This week, Lincoln County Public Health announced they anticipate receiving 900 doses of the COVID-19 vaccine to finish vaccinating Phase 1A and educator groups. Public Health also will be able to begin vaccinating seniors again, starting with age 80 and over.
The announcement comes just a week after the county was told they would not be getting any doses of the vaccine, which prompted county leaders to question state health officials.
In coming weeks, Public Health said they know there will be more seniors who want to get vaccinated than there will be vaccines available to them. While they can’t give every older adult an appointment as soon as they want one,
Public Health has different ways to get linked to vaccine information and events such as visiting the COVID-19 website: http://www.co.lincoln.or.us/covid or calling the Lincoln County Call Center: 541-265-0621 or email LincolnCoCallCenter@co.lincoln.or.us.
A Multi-agency Coordinating group for the COVID-19 vaccine distribution is actively working on additional ways to distribute the vaccine. Public Health anticipates having help from several agencies to deliver vaccine to those who are medically homebound and are planning additional vaccination clinics throughout the county.
Those who signed up on a prior waitlist will be contacted first. Those who are eligible and want a vaccine, but are not on a waitlist already, are encouraged to provide their information at our waitlist registration portal, located at https://www.co.lincoln.or.us/hhs/page/lincoln-county-covid-19-vaccination-schedule.
It is important to also get your second dose of the vaccine. According to their companies, the Pfizer1 vaccine is about 52% effective 12 days after the first dose and the Moderna2 vaccine is approximately 80% effective. However, 14 days after the second dose they become 94-95% effective.

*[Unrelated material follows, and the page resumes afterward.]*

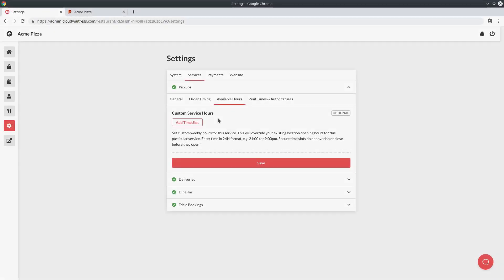The next group of settings we're going to take a look at are the estimated wait time and automated status settings. These settings allow you to streamline the management of your orders while also keeping your customers in the loop. When your customer places a new order and gets their receipt, if you've configured it correctly they will get a good estimated wait time. Initially the order starts as unconfirmed, but instead of manually updating all the order statuses you can use these settings to automatically update the status and inform your customer when the order is confirmed, when it's ready, and when it's on route for deliveries. Each different service has its own wait time and auto statuses tab.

Public Health also recommends people get the second dose at the same place where they received the first dose. The Oregon Health Authority only gives counties enough second doses for the people who received their first doses here. If you get your first vaccination out of the county, you should receive your second dose out of the county as well.
County Risk Levels
Governor Kate Brown today announced that 12 counties improved in risk level, with 10 improving from Extreme Risk for the first time since November, effective February 12.
However, Lincoln County remains in the high risk category, seeing no change from the start of the year.
County risk levels under the state's public health framework aim to reduce transmission and protect Oregonians from COVID-19. The framework uses four different risk levels for counties based on COVID-19 spread—Extreme Risk, High Risk, Moderate Risk, and Lower Risk—and assigns health and safety measures for each level.
Effective February 12 through February 25, there will be 14 counties in the Extreme Risk level, 11 at High Risk, two at Moderate Risk, and nine at Lower Risk. A complete list of counties and their associated risk levels is available here.
“Thanks to Oregonians who have stepped up and made smart choices, we have made incredible progress in stopping the spread of COVID-19 and saving lives in Oregon," said Governor Brown. "This week we will see 10 counties move out of Extreme Risk, including the Portland tri-county area, for the first time since November. This is welcome news, as we'll start to see more businesses open up and Oregonians being able to get out a bit more.
"It’s also incredibly important that we continue to remain vigilant and protect our neighbors and loved ones as we face virulent new strains of COVID-19. This means continuing to wear masks, keep our physical distance, and avoid indoor gatherings. If we want to keep businesses open, reopen schools for in-person instruction, and stay safe, we must keep up our guard. Until vaccines are more widely available, case counts could go back up if we don't keep following safety measures."
The Oregon Health Authority will examine and publish county data weekly. County risk levels will be reassigned every two weeks. The first week's data will provide a "warning week" to prepare counties for potential risk level changes. The next assignment of risk levels will be announced February 23 and take effect February 26.
Updates to Warning Week data and county risk levels will be posted to coronavirus.oregon.gov.